There are Old Labour hardmen on horn and tuba. There are New Labour gentlewomen on piccolo and flute. There are trumpet-playing Tories (blowing one's brain out has always been a tradition at the higher ends of the brass scale) and Liberals on the clarinet, bobbing and weaving in time to everyone else's music.
In Ishiguro's Nocturne the saxophonist faces only the 'exquisite embarassment' of waiting for the Los Angeles bandages to come off.
In this horribly unavoidable non-fictional world, that would be a blessed relief.
You can go years without an imagined sexual encounter with Anne Boleyn.
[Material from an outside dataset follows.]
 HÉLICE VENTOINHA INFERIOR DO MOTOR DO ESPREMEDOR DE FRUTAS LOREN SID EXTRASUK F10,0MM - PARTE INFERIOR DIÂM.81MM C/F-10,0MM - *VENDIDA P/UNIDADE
And then two turn up at once.
In Hilary Mantel's new novel, Wolf Hall (to be reviewed in the TLS by Michael Caines next week), Thomas Cromwell, silky facilitator of King Henry's marriage to his second wife, has his own quiet reveries of resting his hand upon Anne's shoulder, 'following with his thumb the scooped hollow between her collarbone and her throat. .his forefinger tracking the line of her breast'.
Mantel paints a very modern portrait of Cromwell, an enlightened sceptic of a bloody age, but not as modern a piece of sexual fantasy as that in Niven Govinden's short story, Tudor Girls, in the latest issue of the often surprising Pen Pusher Magazine.
Govinden's hero is a punter in Romsey who chooses a lap-dancer dressed as the Tudor queen on his first visit to a Gentleman's Club.
He could have had a cheer-leader quicker but he was happy to wait (and pay four times the price) for a woman in full length emerald brocade 'with a pleasingly authentic anount of open chest'.
How would Henry VIII have handled a lap-dance? How much vaseline did this Tudor girl need to stop the chafing in her corset?. He decides that, on balance, he would rather fast-forward just a little in time and have the sickly fearful Anne awaiting execution in her Tower of London cell, an encounter that would be 'drab, mechanical, humiliating, more pleasurable'.
That not being available (except in the picture above), he chooses a Lulu and a Dusty Springfield while a suitable Eastern European is made up with pock-marks as Anne of Cleves.
In the end, he regrets his choice of period altogether: 'There was no recklessness to be had with the late Tudors not unless he wanted to get naked with Henry'.
There are 650 pages of Mantel's novel, already widely claimed as a triumph well worth its £18.99 cover price.
Pen Pusher, which also contains poems by our own Hugo Williams, a 'nineteen bottles of red wine' reminiscence by Simon Callow and an engaging piece on coffee by the paper's editor, Anna Goodall, contains 74 pages and costs £3.75. A subscription is available too.